As a parent, how often do you speak with your child about online safety? What precautionary measures have you developed to help protect your child online? On average, children 18 and under spend 246 minutes on screens daily. That means about 1/5 of the average child’s day is spent watching videos, exploring the internet, playing games, or messaging with friends.
Here are four ways to help keep your child safe while online:
1. Establish screen time and media limits
Setting technology access boundaries can be incredibly influential in keeping your child safe online. These boundaries could include screen time limits, media/online usage parameters, and when or where devices may be used.
The American Academy of Pediatrics (AAP) recommends the following screen time limits:
- Less than 18 months – Very limited.
- 18 to 24 months – Only when a parent or guardian is present.
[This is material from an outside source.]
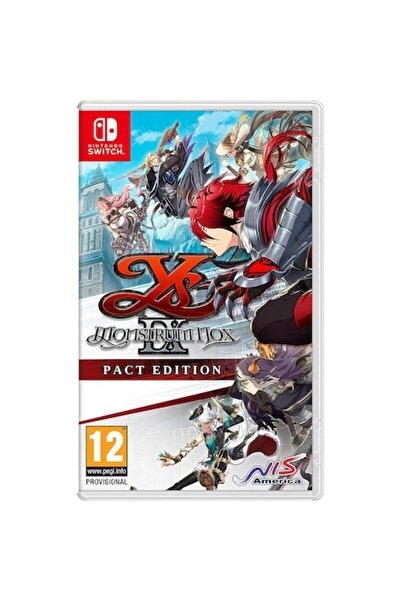 Nis America Jocul Ys IX Monstrum Nox Pact Edition pentru NSW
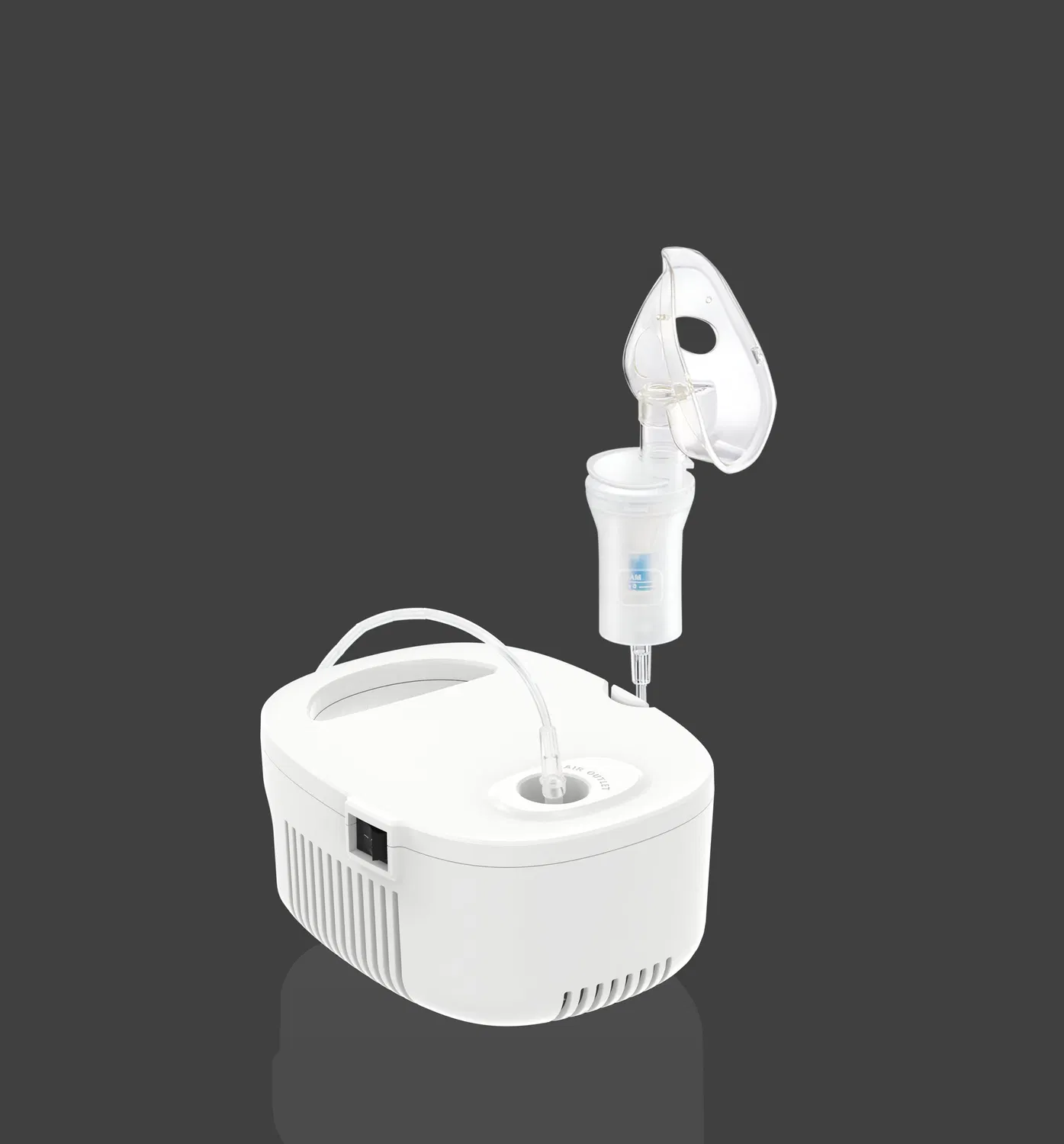 Nebulizador portátil con accesorios inhalador médico portátil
- 2 to 5 years – No more than one hour per day.
- 5 years and older – Parents or guardians decide while keeping in mind a healthy balance of other activities, family time, and exercise.
For younger children and tweens, it’s suggested to keep computers, tablets, and phones in common areas of house, and regularly spend time with your child online to answer any questions and help teach safety tips along the way. Effectively establish these boundaries by creating a Family Media Plan.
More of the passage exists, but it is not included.